The drumbeat of drought has been with us all winter. Grain prices have declined, farmer selling has slowed, and the talk has been that prices will recover, because, after all, we are still in drought in the Western Corn Belt.
This winter we listened to news that the Army Corp. of Engineers was not just dredging mud, but was removing rock from the bottom of critical sections of the Mississippi.
Well, this week the talk switched to the crews of volunteers that were passing sandbags to shore up levees so towns along the Mississippi and its feeder rivers could stay dry. The Big Muddy was expected to rise 10 feet, and barges were being parked for high water problems instead of low water.
The weather has changed in the west. Before we were talking about how we needed an inch of rain a week to keep the crop going because the ground was still dry.
Now we are talking about feet of snow that has fallen, 7 inches of rain in some areas, and more to come this week. The crest of water moving down the major trade route of North America is moving the hopes of high corn prices with it.
It is noteworthy that the market is focusing on the wet weather as a positive. Traders are not apparently worried about the delayed planting that is the other result of the current weather. It is more important that rain makes grain than that we still have only 4 percent of the corn crop planted.
Monday USDA released the second Crop Progress report. It shows that we bumped the corn planting up from 2 percent to 4, but that we are way behind the fast pace of last year when we had 26 percent in at this time.

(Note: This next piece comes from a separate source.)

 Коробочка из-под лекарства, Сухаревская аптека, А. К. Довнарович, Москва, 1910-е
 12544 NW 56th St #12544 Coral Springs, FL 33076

The average for the U.S. at this point is 16 percent. Ohio is at one percent, with no progress in the last week. We had 31 percent in last year, and have a 2 percent average.
So, as you read this we have four or five days of April left, and no planting done. The long-term forecast is not friendly for planting.

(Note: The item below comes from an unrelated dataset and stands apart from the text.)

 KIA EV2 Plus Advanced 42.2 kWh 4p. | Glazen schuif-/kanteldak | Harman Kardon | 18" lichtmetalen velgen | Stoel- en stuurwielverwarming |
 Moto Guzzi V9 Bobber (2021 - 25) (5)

The market believes that the weather will clear in time, and the American farmer will forego sleep to plant the crops in ten days or so. They probably will.
I have said before, and continue to say, that we are trading the old crop as a short crop. Areas of the country were very dry, and the corn crop especially was down in size.
As a result, we had a high price at harvest, and had every reason to believe that prices would trail off the longer the year went on.
That is how short crops behave. The caveat to that was the talk of dry soil continuing in the west. This week seems to be putting an end to that thought. We still need timely rains, but the start of the year has changed.
At marketing meetings this winter farmers have heard the experts offer the thought that prices for corn could be $3.75 to $8, depending on the weather. Big crop, small price.
Right now we have to worry about the small price, and about getting that ten days of frantic planting to get the year started.
On April 23, we have July corn futures at 6.211⁄4, which is so far down two and a quarter cents on the day. The recent high was at 7.173⁄4 March 27.
After that came, the report crash of March 28, and follow through to the low of 6.15 April 5.
We rebounded to 6.471⁄4 April 10, but have lost a quarter off that to the 6.21.
July soybeans currently are trading 13.62, also down more than two for the day so far. The recent high was at 14.361⁄4 March 28, just after the reports. The recent low was 13.361⁄2 April 5. We bounced to the 14.00 level April 19, but the last few days have been negative with the rain gains.